According to the Southern African Fraud Prevention Service (SAFPS), impersonation attacks increased by 264 per cent for the first five months of the year compared to 2021.
According to iiDENTIFii, a remote biometric digital authentication and automated onboarding technology platform, the format involves receiving a call, email or SMS from the authorities urgently requesting payment.
“The details of the request are clear and professional and include personal information unique to you, so there is no reason to doubt it. This scam is fairly common, and the majority of consumers are on the lookout for it,” it noted.
“Now imagine receiving a call from a loved one and hearing their unmistakable voice on the other end of the line saying that they need money or your account information right away. This may sound like a fraud lifted straight out of science fiction, but – with the exponential development of AI tools – it is a growing reality,” it added in a statement.
Mr Gur Geva, founder and CEO of iiDENTIFii said the threat of voiceprint has become easier since it has become cheaper and more accessible.
“The technology required to impersonate an individual has become cheaper, easier to use and more accessible. This means that it is simpler than ever before for a criminal to assume one aspect of a person’s identity.”
“Historically, voice has been seen as an intimate and infallible part of a person’s identity. For that reason, many businesses and financial institutions used it as a part of their identity verification toolbox,” he explained.
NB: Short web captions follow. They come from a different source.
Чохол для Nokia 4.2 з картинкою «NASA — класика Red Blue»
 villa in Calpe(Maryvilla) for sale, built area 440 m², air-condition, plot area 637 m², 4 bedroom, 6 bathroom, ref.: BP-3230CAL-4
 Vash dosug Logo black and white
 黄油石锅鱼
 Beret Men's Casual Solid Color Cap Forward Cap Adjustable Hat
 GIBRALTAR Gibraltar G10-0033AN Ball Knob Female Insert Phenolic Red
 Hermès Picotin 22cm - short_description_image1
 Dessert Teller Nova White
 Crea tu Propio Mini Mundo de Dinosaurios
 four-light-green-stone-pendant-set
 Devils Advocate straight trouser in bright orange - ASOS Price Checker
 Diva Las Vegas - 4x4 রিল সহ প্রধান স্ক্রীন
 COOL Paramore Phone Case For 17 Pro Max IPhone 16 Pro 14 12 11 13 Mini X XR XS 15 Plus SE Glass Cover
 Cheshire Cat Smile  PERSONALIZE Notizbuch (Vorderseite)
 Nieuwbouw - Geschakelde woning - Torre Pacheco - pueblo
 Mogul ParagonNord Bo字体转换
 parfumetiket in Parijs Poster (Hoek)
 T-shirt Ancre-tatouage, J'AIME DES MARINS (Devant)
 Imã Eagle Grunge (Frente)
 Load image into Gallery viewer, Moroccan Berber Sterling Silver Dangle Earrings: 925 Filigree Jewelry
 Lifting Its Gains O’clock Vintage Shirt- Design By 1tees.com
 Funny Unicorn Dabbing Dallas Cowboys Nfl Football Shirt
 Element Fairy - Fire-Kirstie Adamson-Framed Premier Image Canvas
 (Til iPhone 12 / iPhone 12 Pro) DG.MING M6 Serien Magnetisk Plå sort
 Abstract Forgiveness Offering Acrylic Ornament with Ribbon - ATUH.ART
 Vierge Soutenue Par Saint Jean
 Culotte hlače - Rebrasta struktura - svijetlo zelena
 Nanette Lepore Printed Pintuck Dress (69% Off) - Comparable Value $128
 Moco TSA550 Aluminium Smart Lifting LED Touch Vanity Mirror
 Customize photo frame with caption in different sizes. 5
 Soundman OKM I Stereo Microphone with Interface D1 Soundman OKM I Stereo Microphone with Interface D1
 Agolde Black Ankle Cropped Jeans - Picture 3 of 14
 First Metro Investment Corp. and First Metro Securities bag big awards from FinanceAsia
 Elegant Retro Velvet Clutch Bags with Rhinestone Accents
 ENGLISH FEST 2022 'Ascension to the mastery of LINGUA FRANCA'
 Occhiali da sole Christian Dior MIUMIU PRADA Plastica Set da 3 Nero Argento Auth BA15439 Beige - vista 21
This also raised worry among regulators in the United States; the Federal Trade Commission (FTC) last week issued an alert urging consumers to be vigilant for calls in which scammers sound exactly like their loved ones.
“All a criminal needs is a short audio clip of a family member’s voice – often scraped from social media – and a voice cloning program to stage an attack,” it warned.
iiDENTIFii warned that the potential of this technology is vast. Microsoft, for example, has recently piloted an AI tool that, with a short sample of a person’s voice, can generate audio in a wide range of different languages.
“While this has not been released for public use, it does illustrate how voice can be manipulated as a medium.”
Audio recognition technology has been an attractive security solution for financial services companies across the globe, with voice-based accounting enabling customers to deliver account instructions via voice command.
Voice biometrics offers real-time authentication, which replaces the need for security questions or even PINs, with companies like Barclays and Visa adopting voice-based authentication platforms for e-commerce.
“As voice-cloning becomes a viable threat, financial institutions need to be aware of the possibility of widespread fraud in voice-based interfaces. For example, a scammer could clone a consumer’s voice and transact on their behalf,” Mr Geva warned.
The rise of voice-cloning, according to the expert, illustrates the importance of sophisticated and multi-layered biometric authentication processes.
“Our experience, research and global insight at iiDENTIFii has led us to create a remote biometric digital verification technology that can authenticate a person in under 30 seconds, but more importantly, it triangulates the person’s identity, with their verified documentation and their liveness.
“While identity theft is growing in scale and sophistication, the tools we have at our disposal to prevent fraud are intelligent, scalable and up to the challenge,” he concluded.